AWS WAF governance at scale

Overview

Large organizations, with multiple teams developing and operating their own web applications or APIs, employ tools and processes for driving consistency of security controls across teams, to avoid exposed endpoints with weak or no protections. AWS Firewall Manager is a tool that organization can use to govern AWS WAF and Shield Advanced deployments at scale.

AWS Firewall Manager

Firewall Manager allows you to define AWS WAF or Shield Advanced policies that are deployed automatically across your publicly exposed resources such as CloudFront distributions, ALBs or API Gateways. A policy consists of:

A scope defining where it applies: What type of resources (CloudFront, ALB, etc..)? include or exclude resources with specific tags? which accounts or organizational units to include or exclude?
Rules defining which WAF rule groups to apply? whether to enable logging centrally, and whether to add Shield Advanced protections.
An action defining what to do when a resource is found within the scope of a policy. For example, you can automatically enforce policy rules or just report it. In an initial Firewall Manager deployment, it's recommended to start without auto remediation, to identify resources requiring manual handling with minimal impact to existing applications. When a higher confidence is attained, you can switch Firewall Manager to auto remediation.

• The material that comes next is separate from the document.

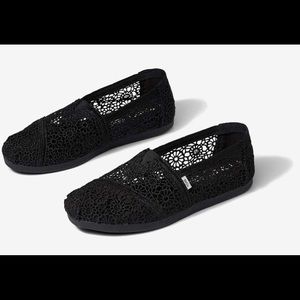 TOMS black Moroccan crochet alpargata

To use Firewall Manager, consider first its prerequisites. Note that AWS config is one the prerequisites of Firewall Manager. To optimize the cost of AWS Config, if only enabled for using Firewall Manager, limit the Resources types to record setting to the relevant resources for your scenario (e.g. WAF, CloudFront Distribution, Load Balancers, etc..). Also note that policies are regional constructs (e.g. you need a global policy for CloudFront, and a regional policy in each region where you have regional resources such as ALBs and API Gateways). Consider this AWS Solution to facilitate the deployment of Firewall Manager policies across AWS Organizations

AWS WAF deployments at scale

When you create a WAF policy, Firewall Manager deploys a WAF WebACL with the policy WAF rules in the AWS Accounts within the policy scope. In a WAF policy, you can define two types of rule groups that are be added to the deployed WebACL by Firewall Manager:

A first rule group, which will be evaluated before any other rule.
A Last rule group, which will be evaluated at the end.

This allows you to give a central security team the possibility to manage common rule groups across your organization, while giving your application teams the possibility to add custom rules relevant to their application, between the first and last common rule groups. Since rules in AWS WAF are evaluated by order, the first common rule group are be evaluated before any other rule, followed by the rules created by the application teams, and finally the last common rule group.

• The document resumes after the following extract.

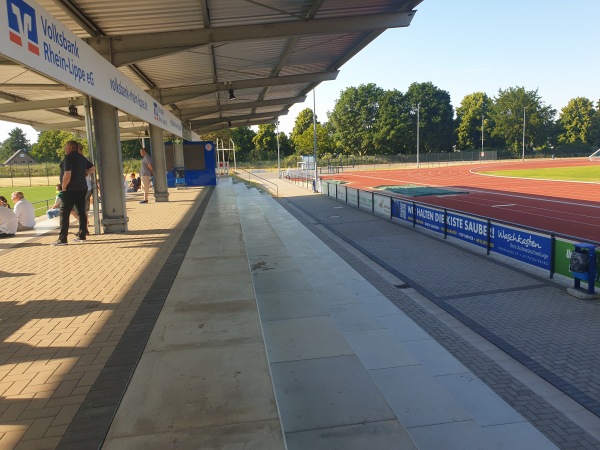 Bezirkssportanlage Voerder Straße - Dinslaken-Eppinghoven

You can build a CI/CD pipeline to update common WAF rule groups in the AWS WAF policy on the administrative AWS account, which is then deployed by Firewall Manager across your organization within minutes. Learn in this blog how OLX deployed a central WAF policy using a CI/CD pipeline, with a central logging system.

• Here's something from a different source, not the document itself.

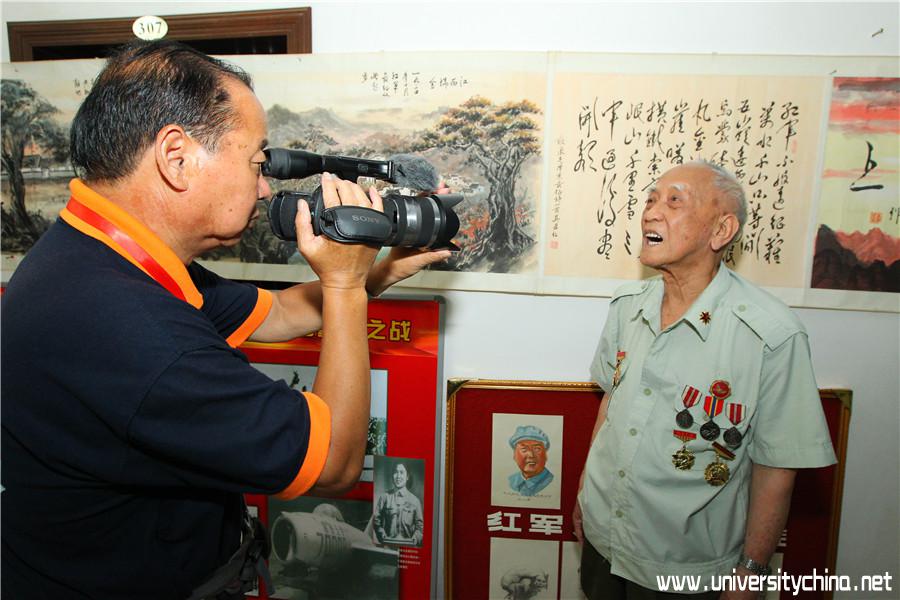 创作两幅80米长卷的抗美援朝老战士吴君仁接受电视台记者采访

Common WAF governance models

Firewall Manager is a flexible tool that allows you to establish various security governance strategies depending on the requirements of your organization. In any centralized security governance, you need to make a tradeoff between how much you enforce rules centrally to increase protection levels, versus how much you want to handle false positives caused by centrally deployed common rules.

Single policy for mitigating critical threats

If you have highly autonomous application teams, and you want to avoid managing false positives, create a single central WAF policy that addresses critical threats. For example, you can create WAF rules based on rate limits with high thresholds, combined with high confidence malicious IP reputation lists, and geo-blocking rules for embargoed countries. You can also enabled Shield Advanced and activate Automatic application layer DDoS mitigation. These rules tend to have very low false-positives but effective in protecting against HTTP floods. In addition, when critical and high impact Zero Day vulnerabilities are uncovered, you can apply mitigations centrally using the deployed WAF common rule group.

It's recommended to create an internal wiki for your application teams, with guidance on best practices for adding custom WAF rules in their WebACL, that is relevant to their application. For example, guide them to add protections against SQLi and XSS attacks if their application is vulnerable to such attacks.

Single policy for mitigating a wide array of threats

If you want to increase your central security coverage to a wider array of threats, harden your central common rule groups, but give the application teams the possibility to manage false positives autonomously. To implement this WAF governance model, put your common rules in the first rule group of the WAF policy in count mode. These rules will only be emitting labels, which you can use in the last rule group of the WAF policy to block requests matching these labels.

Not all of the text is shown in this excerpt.